Tanpa disadari, cairan bening tampak sudah menganak sungai di pipi wanita itu. Menumpah ruah tanpa bisa lagi dicegah. Dalam waktu sepersekian detik, hatinya bak hancur berkeping-keping. Pernyataan Reyno yang tiba-tiba, sungguh terlalu menyakitkan untuk didengar dengan telinga terbuka.
"Cukup! Aku capek menjalin hubungan di atas kepura-puraan! Nyatanya aku emang udah enggak nyaman sama kamu!" tukas Reyno seraya mengentakkan tangannya dengan begitu kuat hingga terlepas dari genggaman Sabrina.
Luka karena sayatan pisau, nyatanya tidak sebanding dengan rasa sakit yang tengah dirasakannnya saat ini. Sakit tak berdarah, jelas tidak akan sembuh dengan hanya ditetesi obat merah. Lantas, ke mana dia harus mencari pelipur lara? Mengikis semua duka yang tengah dideritanya?
Tidak menyangka jika pertemuannya dengan Reyno kali ini, justru akan menciptakan duka yang begitu mendalam. Andai bisa menerawang masa depan, pasti dia akan menolak ajakan Reyno hari ini. Menghindari semua rasa sakit yang akan menghujam jantungnya.
Nyatanya, hubungan percintaan yang berlangsung lama, tidak menjamin seseorang dapat memahami pasangannya. Tidak menjamin pula bahwa orang tersebut yang akan menjadi jodoh kita.
Sabrina menarik napas panjang, berusaha menetralkan perasaan, meski dadanya masih terasa begitu sesak. Disekanya air mata itu dengan kasar, mencoba untuk tetap terlihat tegar, meski nyatanya itu sulit sekali untuk dia lakukan.
Ah, dia baru sadar kalau ternyata cuaca mendung kali ini bukan karena pertanda akan hujan, melainkan turut berduka atas apa yang baru saja dia alami. Ya, dia rasa memang begitu.

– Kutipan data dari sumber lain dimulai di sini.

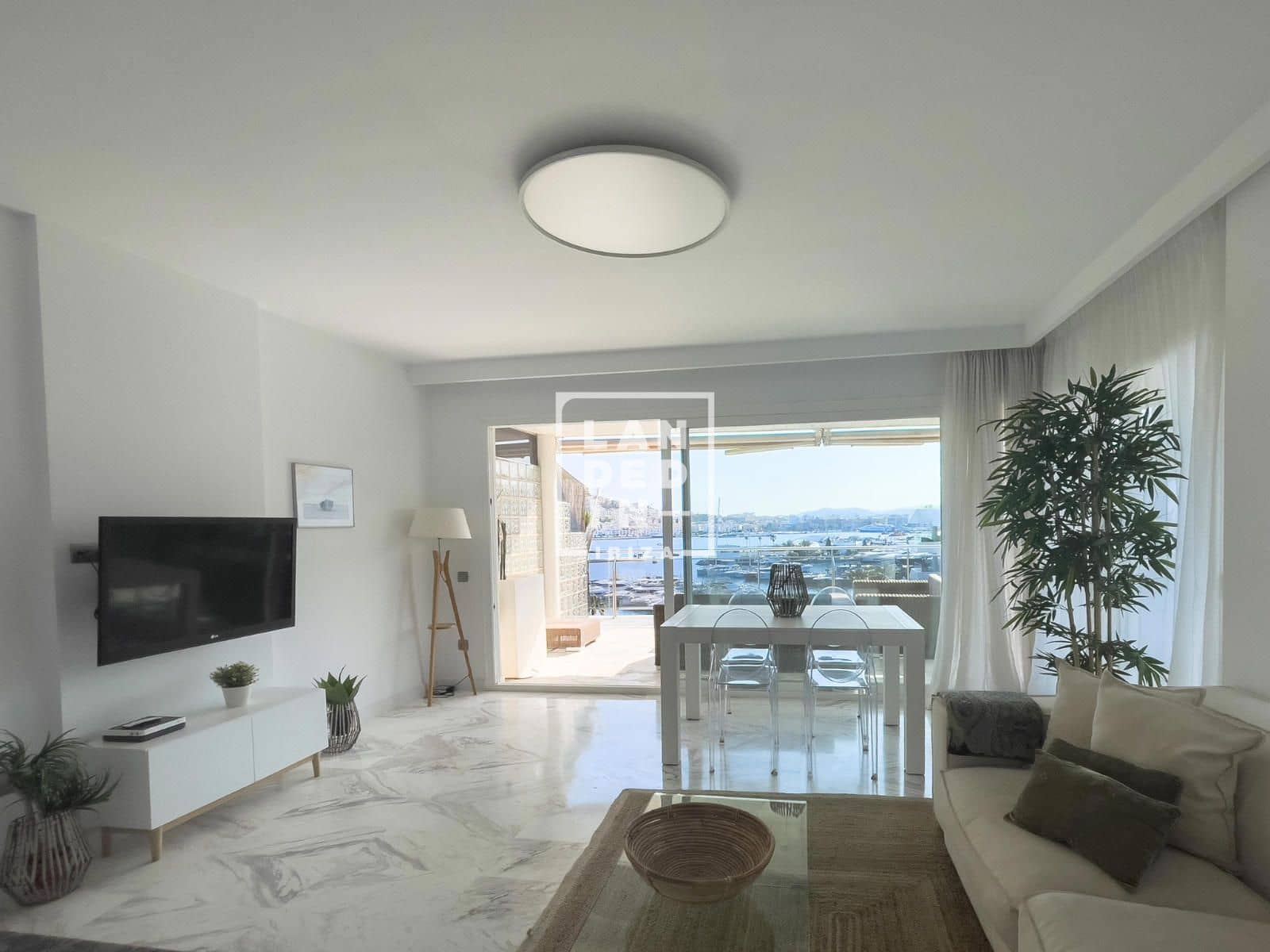 2 soverom Penthouse til salgs i Ibiza by med svømmebasseng garasje - € 1 700 000 (Ref: 9127266)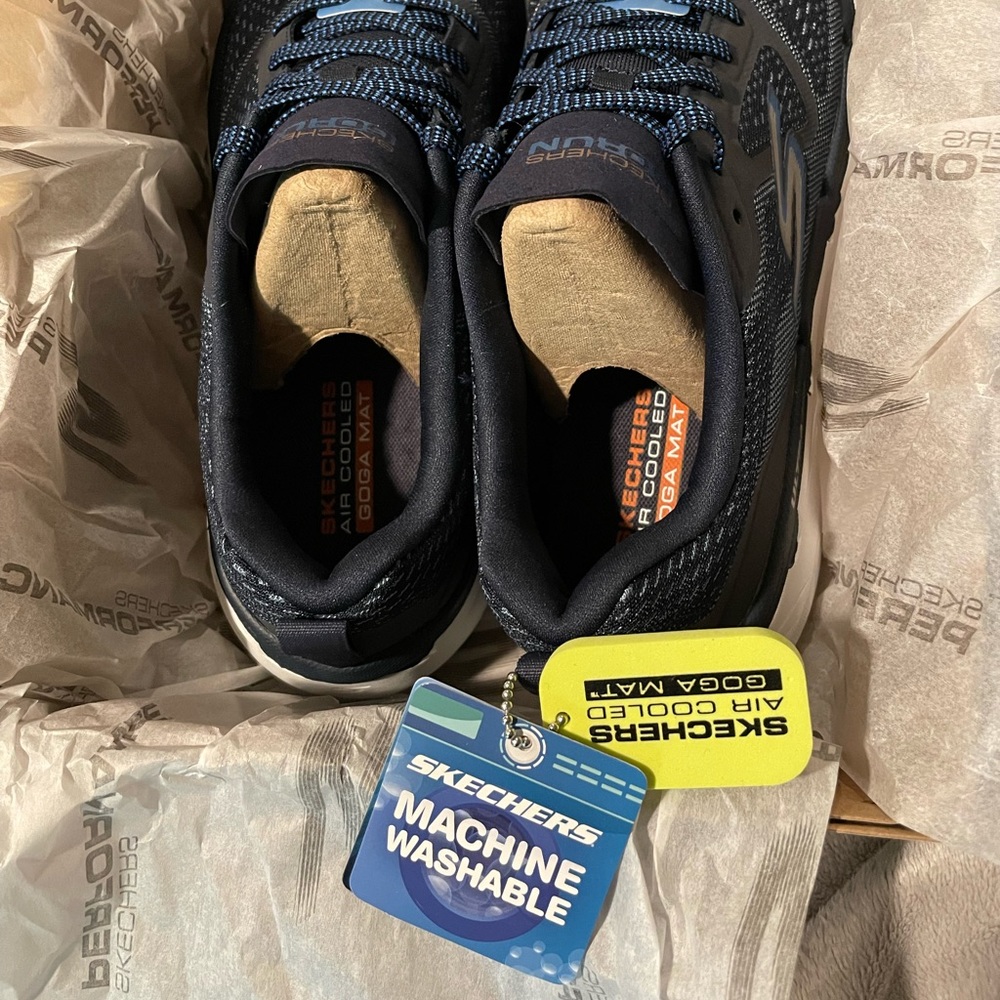 Mens 9/Womens 11. Brand new in box!!!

Sesampainya di rumah sabrina tetap berusaha tegar, dia memang wanita yang selalu energik, tidak mudah lemah dan tidak pernah menunjukan kesusahan maupun kesedihannya kepada orang lain.
"Hai, kak!. Aku lagi seneng banget, Kak," ucap Cantika dengan wajah yang semringah dan begitu antusias ingin bercerita pada Sabrina, kakaknya. Meskipun mereka sodara tiri, tetapi mereka sudah bersama sejak kecil, sangat akrab dan saling menyayangi satu sama lain.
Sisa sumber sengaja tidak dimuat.